Monday, October 22, 2018

Fall Foliage and Climate Change

Posted by Richard B. Primack


How beautiful, when a whole tree is like one great scarlet fruit full of ripe juices, every leaf, from lowest limb to topmost spire, all aglow, especially if you look toward the sun! What more remarkable object can there be in the landscape?
Henry David Thoreau in Autumnal Tints

It is one of life’s great pleasures to walk through the streets, parks, and forests of New England on a cool, sunny autumn afternoon with crispy leaves crunching underfoot and brilliant trees and shrubs coloring the landscape. 

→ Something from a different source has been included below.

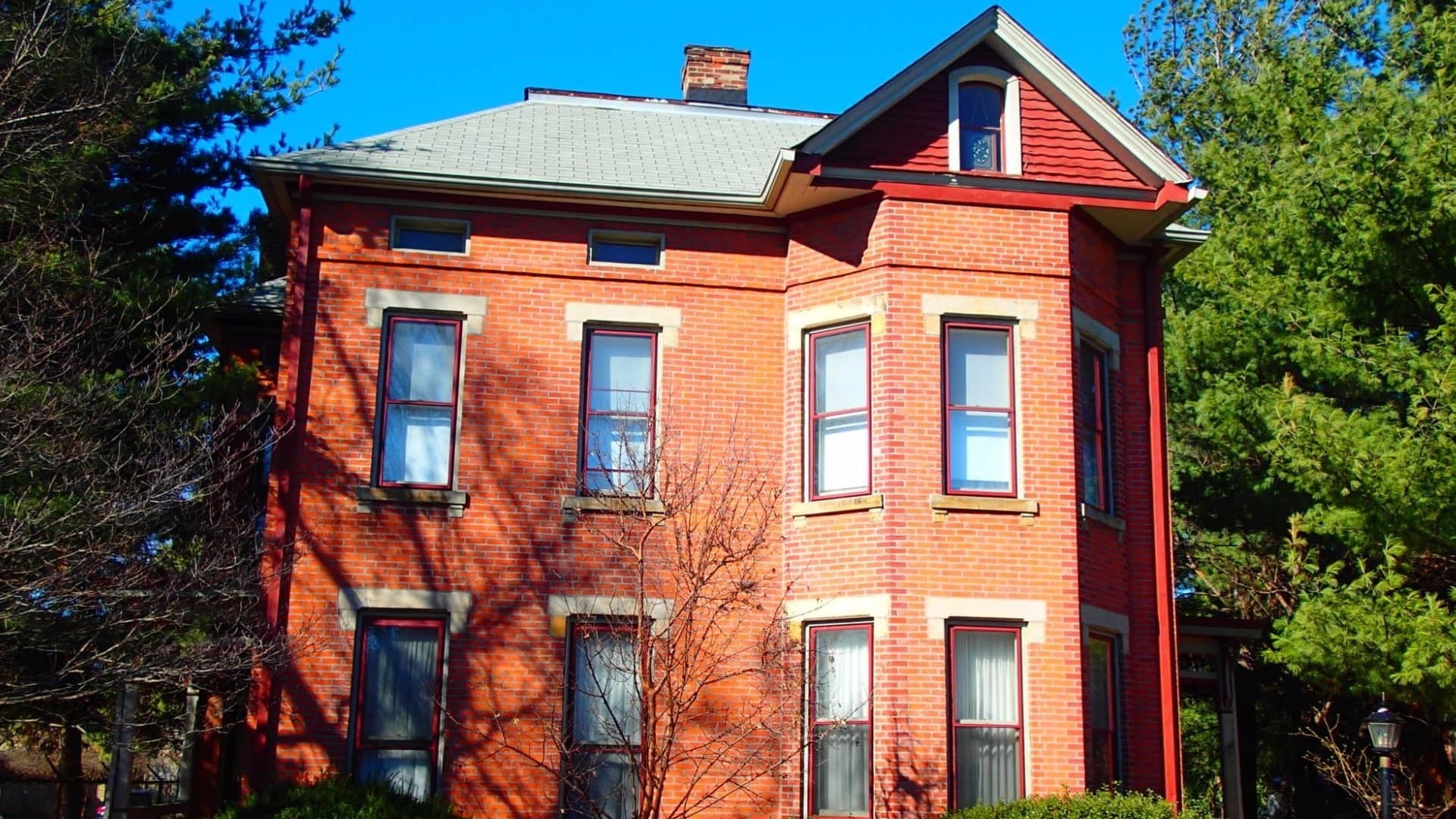 A red brick Victorian house surrounded by trees and greenery.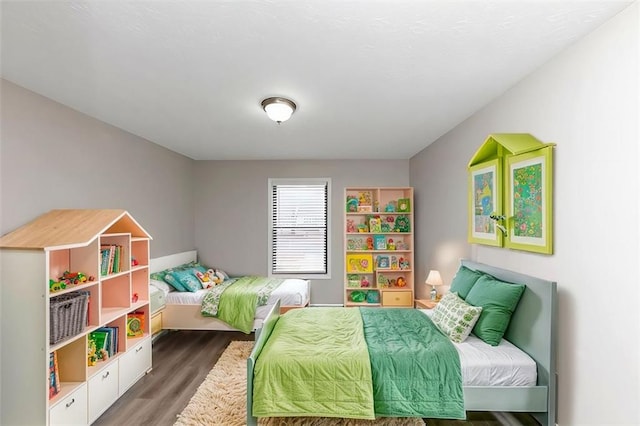 bedroom with dark hardwood / wood-style flooring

A sugar maple provide color in the Newton cemetery

Happily, 2018 is an almost perfect year for autumn color, with just the right mix of moisture and gradually cooling temperatures.  As a result, the yellows, oranges of Norway maples and the oranges and reds of sugar maples are particular striking.  Honey locust trees create bands of lemon yellow along streets.


Honey locust trees with yellow leaves.

As I describe in a recent article in the Newton Tab and in an interview on “The World” on Public Radio International, both a warming climate and later first frosts over the past four decades have delayed the timing of peak fall foliage. The peak used to be from late September to the first week or two of October, but now it is typically mid to late-October. However, the variety of plants growing in our woods and gardens gives us a long season of color from late September to early November as plants take turns changing.  So go and find your favorite spot to enjoy the wonderous displays of fall foliage.